Brief: Your answer should be the lines from the start of the records through the line with "Giày Nike Pegasus", copied word for word.

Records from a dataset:
== == ==

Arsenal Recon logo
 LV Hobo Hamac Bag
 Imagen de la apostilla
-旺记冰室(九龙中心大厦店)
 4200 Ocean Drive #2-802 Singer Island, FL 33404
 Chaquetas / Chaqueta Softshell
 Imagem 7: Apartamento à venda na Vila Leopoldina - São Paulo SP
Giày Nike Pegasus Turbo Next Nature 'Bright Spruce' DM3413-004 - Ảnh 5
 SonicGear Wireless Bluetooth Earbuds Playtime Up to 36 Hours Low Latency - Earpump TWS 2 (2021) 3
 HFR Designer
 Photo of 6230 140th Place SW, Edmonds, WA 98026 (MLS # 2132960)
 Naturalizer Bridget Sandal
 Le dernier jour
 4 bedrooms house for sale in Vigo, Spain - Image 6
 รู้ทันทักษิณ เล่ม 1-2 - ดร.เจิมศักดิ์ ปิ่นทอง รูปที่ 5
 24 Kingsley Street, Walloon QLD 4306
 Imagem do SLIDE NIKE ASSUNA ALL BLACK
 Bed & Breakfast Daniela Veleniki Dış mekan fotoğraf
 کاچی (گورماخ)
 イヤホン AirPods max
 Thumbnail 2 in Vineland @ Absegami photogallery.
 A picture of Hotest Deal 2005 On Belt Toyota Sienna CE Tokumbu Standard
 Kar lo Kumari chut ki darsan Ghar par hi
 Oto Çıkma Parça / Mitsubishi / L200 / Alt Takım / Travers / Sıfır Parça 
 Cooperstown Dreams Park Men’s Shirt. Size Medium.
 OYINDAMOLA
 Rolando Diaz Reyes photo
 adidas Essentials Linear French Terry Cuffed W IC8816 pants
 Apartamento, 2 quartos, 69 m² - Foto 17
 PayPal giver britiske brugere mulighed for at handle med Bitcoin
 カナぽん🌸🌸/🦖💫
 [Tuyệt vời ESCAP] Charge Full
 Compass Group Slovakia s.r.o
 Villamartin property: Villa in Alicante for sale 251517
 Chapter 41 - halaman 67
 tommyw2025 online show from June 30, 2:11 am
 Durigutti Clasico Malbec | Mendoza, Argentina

== == ==

Output:
Arsenal Recon logo
 LV Hobo Hamac Bag
 Imagen de la apostilla
-旺记冰室(九龙中心大厦店)
 4200 Ocean Drive #2-802 Singer Island, FL 33404
 Chaquetas / Chaqueta Softshell
 Imagem 7: Apartamento à venda na Vila Leopoldina - São Paulo SP
Giày Nike Pegasus Turbo Next Nature 'Bright Spruce' DM3413-004 - Ảnh 5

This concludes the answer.